La cifra surge de la comparación entre los censos de 2001 y 2010. También cayó el número de esos hogares precarios. “Estos datos hablan de una pequeña porción del déficit. La disminución puede estar indicando algo, pero no lo sabemos, nos faltan datos”
También decreció la cantidad de hogares deficientes. El Censo 2001 contabilizó 12.775 ranchos y casillas, mientras que del relevamiento realizado en octubre del año pasado surge que hay 10.528 de éstos, es decir, 17,59% menos.
“Estos datos hablan de una pequeña porción del déficit. La disminución puede estar indicando algo, pero no lo sabemos, nos faltan datos”, opinó Jorge Mitchell, arquitecto, docente universitario e investigador en el Conicet Mendoza.

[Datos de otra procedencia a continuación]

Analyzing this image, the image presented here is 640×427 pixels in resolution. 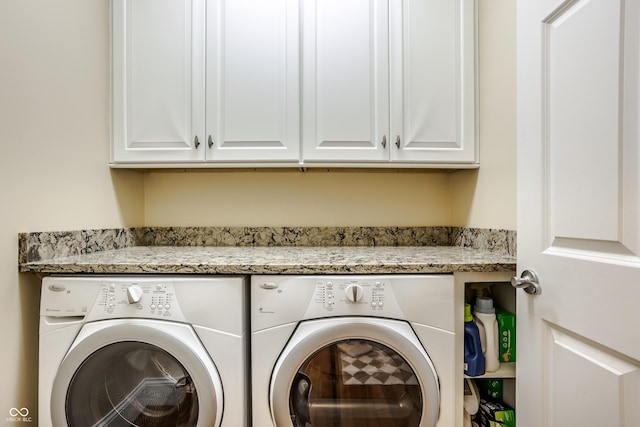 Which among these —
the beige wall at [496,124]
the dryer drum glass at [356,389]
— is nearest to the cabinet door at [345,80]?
the beige wall at [496,124]

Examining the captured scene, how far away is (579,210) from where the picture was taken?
0.69m

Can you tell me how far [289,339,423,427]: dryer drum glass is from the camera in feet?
3.33

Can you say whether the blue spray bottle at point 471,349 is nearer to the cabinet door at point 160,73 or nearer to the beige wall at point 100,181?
the beige wall at point 100,181

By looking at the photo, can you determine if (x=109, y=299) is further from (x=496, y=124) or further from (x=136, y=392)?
(x=496, y=124)

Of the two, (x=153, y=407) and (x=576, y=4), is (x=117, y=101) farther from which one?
(x=576, y=4)

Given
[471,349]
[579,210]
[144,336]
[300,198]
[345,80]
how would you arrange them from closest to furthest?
[579,210]
[144,336]
[471,349]
[345,80]
[300,198]

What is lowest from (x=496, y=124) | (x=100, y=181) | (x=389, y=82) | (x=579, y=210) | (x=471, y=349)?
(x=471, y=349)

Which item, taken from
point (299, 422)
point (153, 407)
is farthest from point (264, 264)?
point (153, 407)

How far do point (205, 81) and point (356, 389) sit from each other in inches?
57.7

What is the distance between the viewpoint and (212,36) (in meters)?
1.35

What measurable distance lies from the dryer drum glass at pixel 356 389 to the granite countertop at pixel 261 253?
295 mm

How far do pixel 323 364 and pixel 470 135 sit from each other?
1209 mm

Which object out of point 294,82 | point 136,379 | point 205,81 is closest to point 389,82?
point 294,82

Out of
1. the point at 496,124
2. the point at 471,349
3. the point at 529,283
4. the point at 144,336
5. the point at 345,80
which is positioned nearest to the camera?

Con la rigurosidad que ofrece la visión científica, el especialista, quien además investiga hace años sobre vivienda social, prefirió esperar hasta que se publique el total de la información. “La fórmula para calcular el total de viviendas deficitarias sería los ranchos y las casillas, más los locales no construidos para vivienda, más los inquilinatos, más las viviendas de tipo B. Este último dato, que dice mucho, no lo tenemos aún”, explicó en primer lugar Mitchell.

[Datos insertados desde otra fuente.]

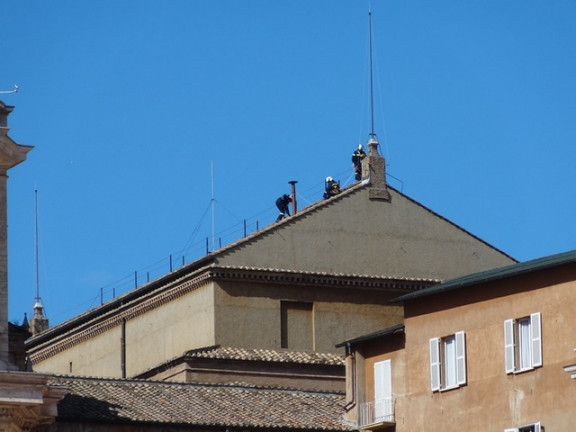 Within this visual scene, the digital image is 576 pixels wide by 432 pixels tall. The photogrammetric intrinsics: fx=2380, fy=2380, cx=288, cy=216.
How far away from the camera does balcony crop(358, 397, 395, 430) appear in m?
71.4

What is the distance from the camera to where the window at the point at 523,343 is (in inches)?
2591

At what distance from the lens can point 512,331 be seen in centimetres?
6675

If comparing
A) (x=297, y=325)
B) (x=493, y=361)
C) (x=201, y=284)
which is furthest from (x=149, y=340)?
(x=493, y=361)

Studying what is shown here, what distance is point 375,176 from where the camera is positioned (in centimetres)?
8806

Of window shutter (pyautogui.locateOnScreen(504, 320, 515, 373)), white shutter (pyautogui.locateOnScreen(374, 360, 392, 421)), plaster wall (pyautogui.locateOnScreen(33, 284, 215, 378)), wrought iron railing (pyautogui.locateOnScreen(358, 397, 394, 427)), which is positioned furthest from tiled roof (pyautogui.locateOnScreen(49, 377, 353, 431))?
plaster wall (pyautogui.locateOnScreen(33, 284, 215, 378))

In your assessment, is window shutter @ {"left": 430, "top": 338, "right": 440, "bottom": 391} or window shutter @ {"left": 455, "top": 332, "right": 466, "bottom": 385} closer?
window shutter @ {"left": 455, "top": 332, "right": 466, "bottom": 385}

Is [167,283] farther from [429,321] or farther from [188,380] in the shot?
[429,321]

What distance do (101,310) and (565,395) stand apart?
104 ft

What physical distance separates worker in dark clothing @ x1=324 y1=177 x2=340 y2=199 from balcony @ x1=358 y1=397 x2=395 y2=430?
56.5 feet

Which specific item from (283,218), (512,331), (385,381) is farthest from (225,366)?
(512,331)

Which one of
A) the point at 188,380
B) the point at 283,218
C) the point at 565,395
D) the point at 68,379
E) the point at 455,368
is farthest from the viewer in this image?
the point at 283,218

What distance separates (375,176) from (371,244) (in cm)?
252

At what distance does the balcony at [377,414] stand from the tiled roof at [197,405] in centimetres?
90

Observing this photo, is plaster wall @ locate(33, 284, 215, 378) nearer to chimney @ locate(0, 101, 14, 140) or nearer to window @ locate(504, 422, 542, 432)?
chimney @ locate(0, 101, 14, 140)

Las casas tipo B son las que cumplen con al menos una de las siguientes condiciones: no tiene provisión de agua por cañería dentro de la vivienda, no dispone de retrete (inodoro) con descarga de agua o tiene piso de tierra u otro precario. “Para tener una idea, las casas tipo B en el 2001 eran 12,8% del total, unas 50.346 viviendas; mientras que los ranchos, las casillas y los inquilinatos eran 4,1%, 15.865 viviendas. Tampoco sabemos los porcentajes de la población rural. En el 2001 era de 66.752 y en el medio urbano de 65.824, y a la luz de lo realizado se han hecho más esfuerzos en la zona urbana que en la rural”, detalló.
¿Datos alentadores?
Los números que arroja el Censo 2010 ofrecen, a primera vista, un panorama alentador. De la comparación entre las cifras de 2001 y las de 2010 surge, por ejemplo, que en casi todos los departamentos, a excepción de Tunuyán, bajó la cantidad de construcciones precarias y la población que vive en ellas.

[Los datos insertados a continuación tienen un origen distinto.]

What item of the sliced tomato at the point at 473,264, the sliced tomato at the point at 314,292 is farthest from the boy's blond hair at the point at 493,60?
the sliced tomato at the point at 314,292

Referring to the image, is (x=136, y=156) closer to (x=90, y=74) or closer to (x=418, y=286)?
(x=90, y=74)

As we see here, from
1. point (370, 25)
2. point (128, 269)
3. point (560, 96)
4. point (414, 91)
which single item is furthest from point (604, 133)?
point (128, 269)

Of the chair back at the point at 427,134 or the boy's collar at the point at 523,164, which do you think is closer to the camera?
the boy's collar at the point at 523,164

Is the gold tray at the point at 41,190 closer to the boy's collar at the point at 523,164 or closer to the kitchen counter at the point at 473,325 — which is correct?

En La Paz, esos guarismos bajaron a 62,71% y 50,72%, respectivamente. En la capital de la manzana, de 397 ranchos y casillas en 2001 se pasó a 496 en 2010, es decir, una variación porcentual en más de 24,93%, mientras que de 1.652 personas viviendo en esos hogares se pasó a 1.975, 19,55% más.
Mitchell recordó, además, que “la producción de vivienda social provee, por lo general, una casa de dos dormitorios que suele ser insuficiente para muchas familias, con lo cual no pueden descontarse del déficit por hacinamiento por habitación”.
“Además, hay casos de dos o más hogares en una vivienda, lo cual redunda en el hacinamiento por hogar”, aclaró.